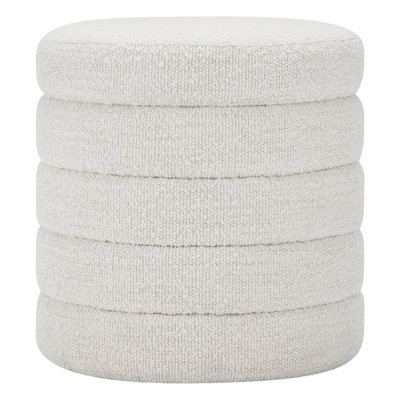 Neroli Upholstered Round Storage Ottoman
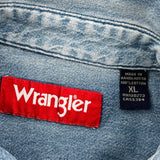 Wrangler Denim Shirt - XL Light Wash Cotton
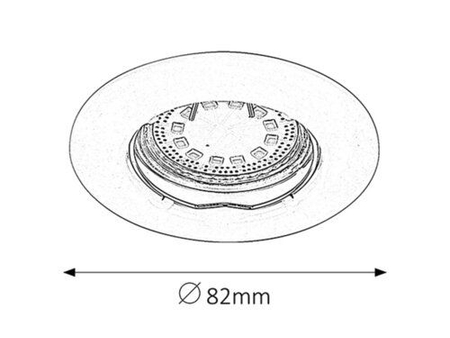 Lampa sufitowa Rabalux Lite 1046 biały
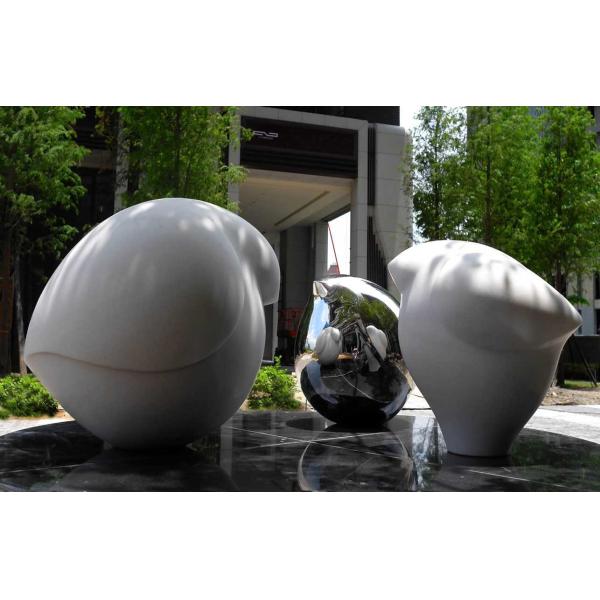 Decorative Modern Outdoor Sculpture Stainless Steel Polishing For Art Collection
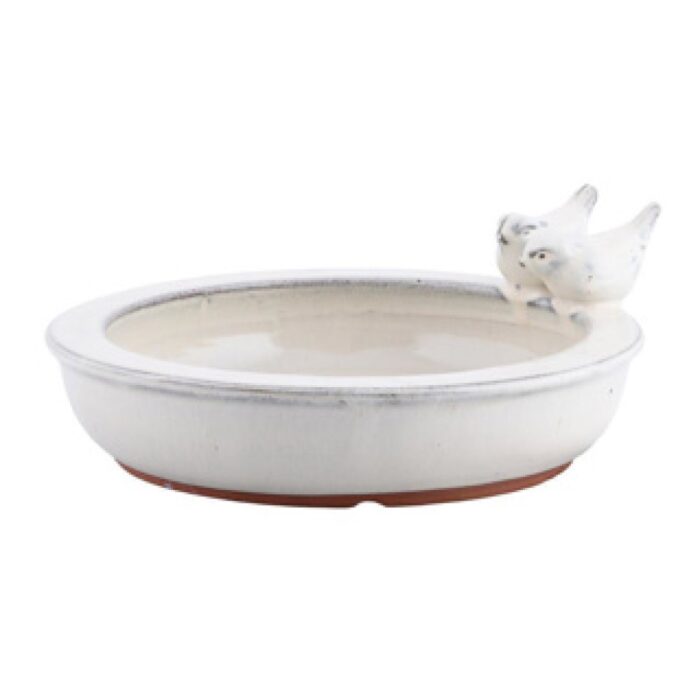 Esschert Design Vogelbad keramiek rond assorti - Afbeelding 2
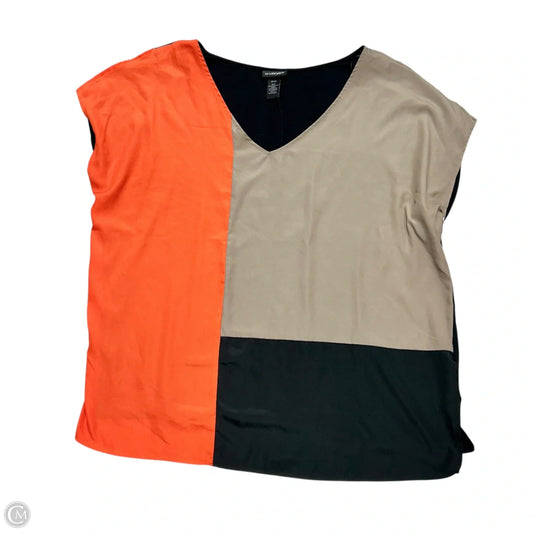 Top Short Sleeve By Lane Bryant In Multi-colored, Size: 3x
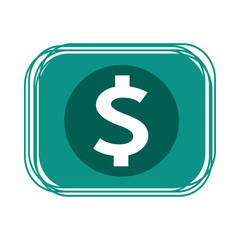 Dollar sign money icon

* * *

-- Your goal --
Copy out exactly the lines from the one with "Decorative Modern Outdoor" through the end of the listing, both ends included, omitting any picture.

-- Reply to the task --
 Decorative Modern Outdoor Sculpture Stainless Steel Polishing For Art Collection
 Esschert Design Vogelbad keramiek rond assorti - Afbeelding 2
 Top Short Sleeve By Lane Bryant In Multi-colored, Size: 3x
 Dollar sign money icon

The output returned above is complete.